* **GIVEN DATA**
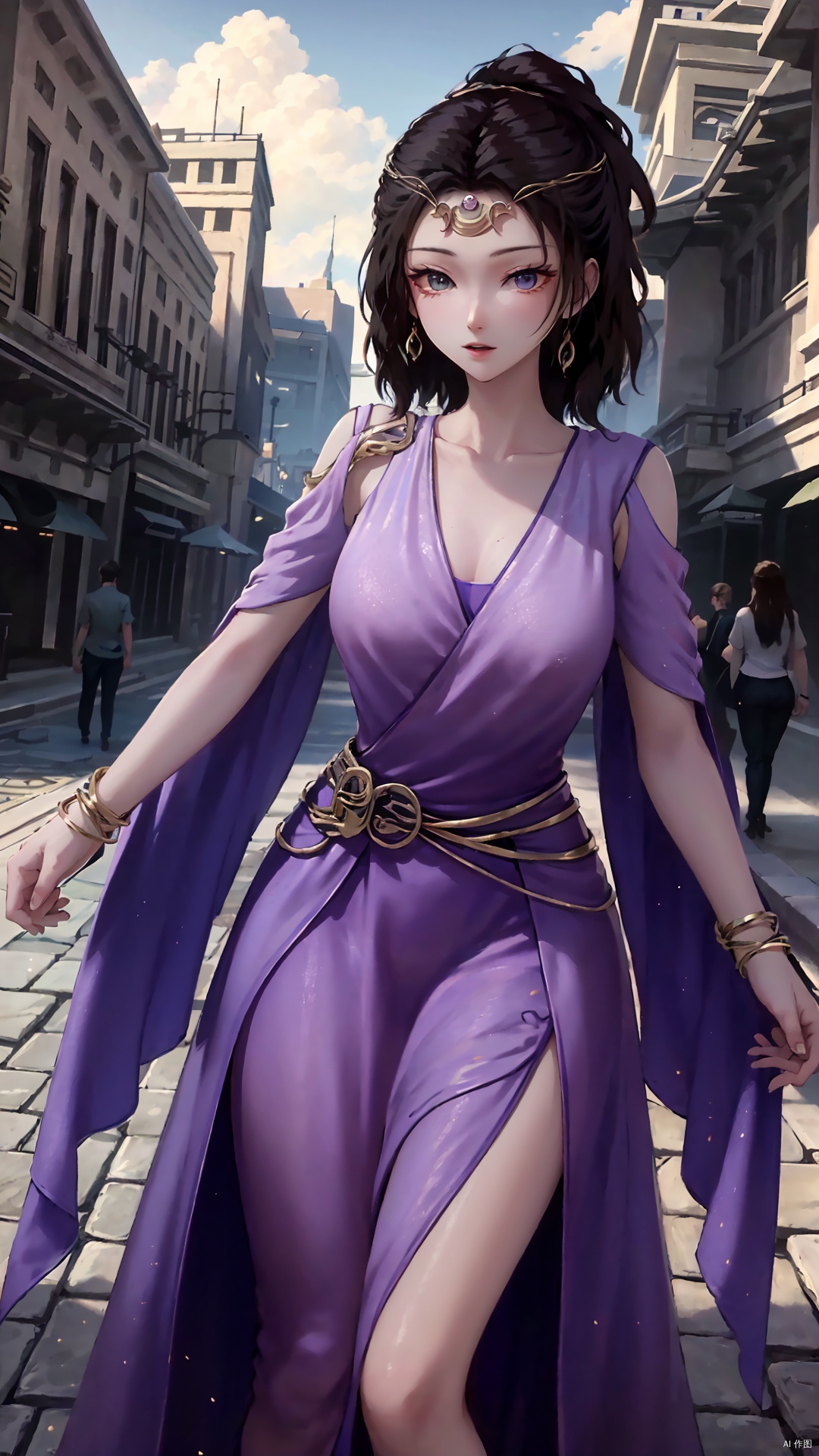  masterpiece,best quality,1girl, jewelry, solo, earrings, dress, bracelet, black hair, purple dress, long hair, grey eyes, cowboy shot, dynamic pose, dynamic angle,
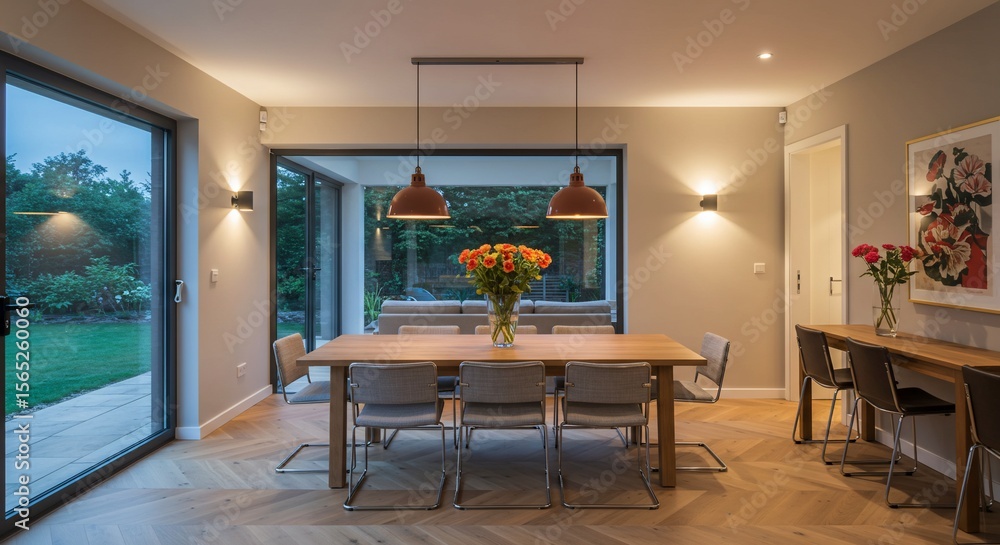 Fototapeta premium Modern Dining Area with Natural Light and Stylish Furniture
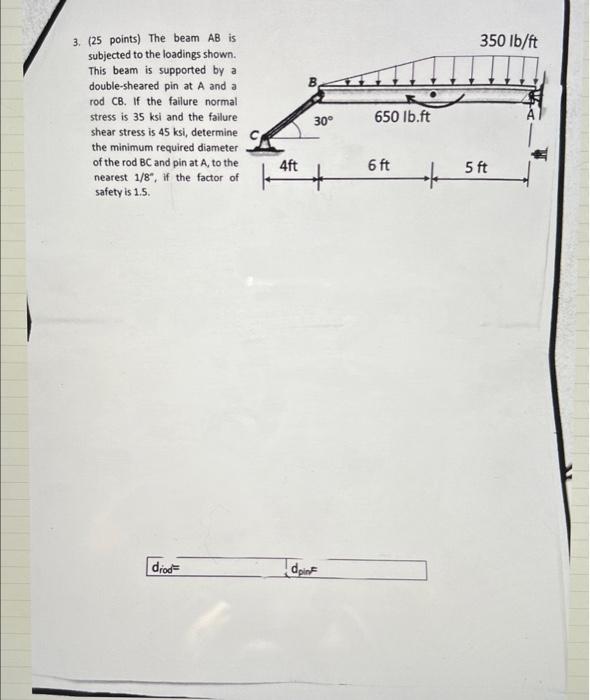 3 25 Points The Beam Ab Is Subjected To The Loadings Shown This Beam Is Supported By A Double Sheared Pin At A And A 1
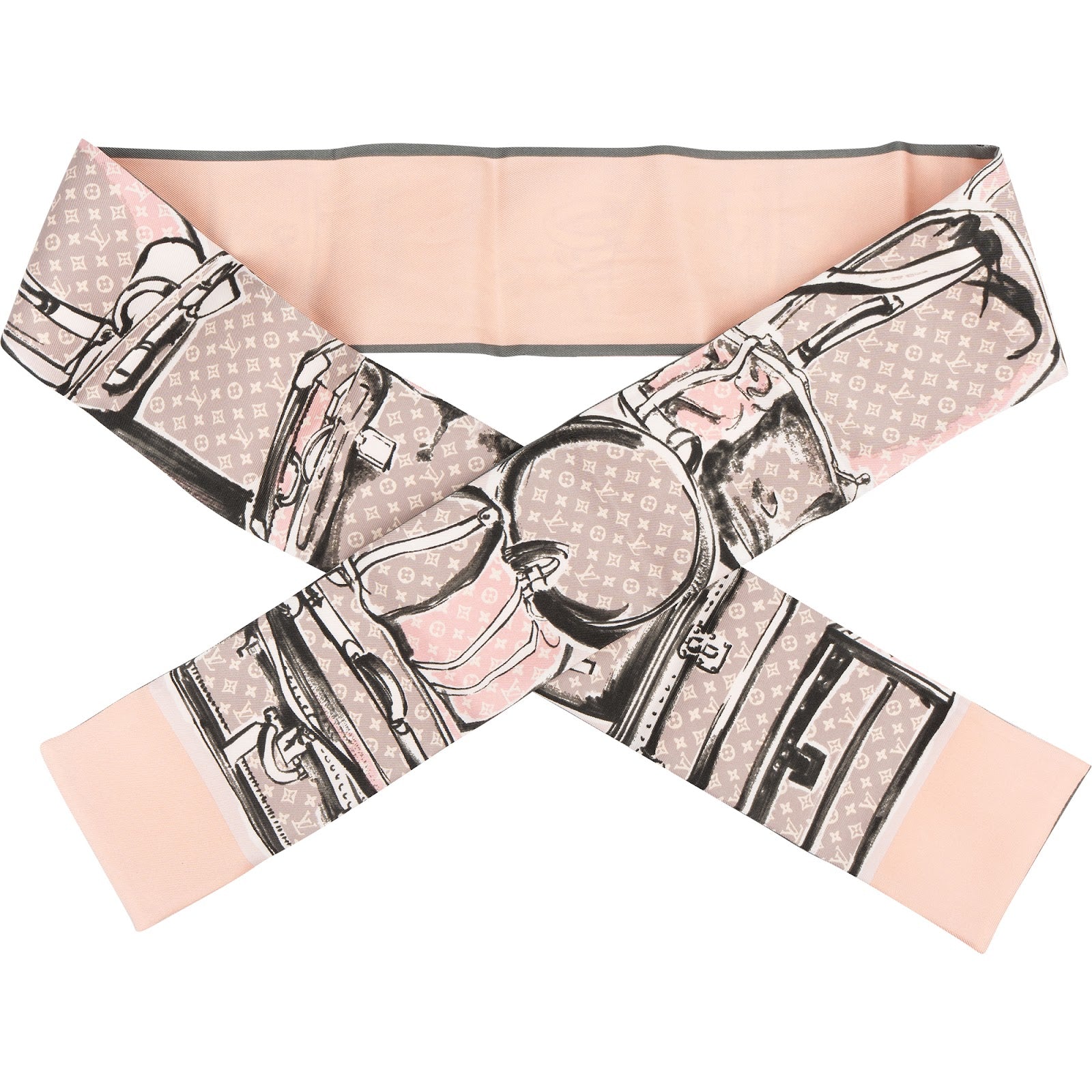 Louis Vuitton Silk Monogram Trunks Bandeau Tuch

* **AIM OF THE EXERCISE**
Print only the lines from the first line of the data above through the one containing "Fototapeta premium Modern", exactly as they are, with pictures omitted.

* **TASK RESPONSE**
  masterpiece,best quality,1girl, jewelry, solo, earrings, dress, bracelet, black hair, purple dress, long hair, grey eyes, cowboy shot, dynamic pose, dynamic angle,
 Fototapeta premium Modern Dining Area with Natural Light and Stylish Furniture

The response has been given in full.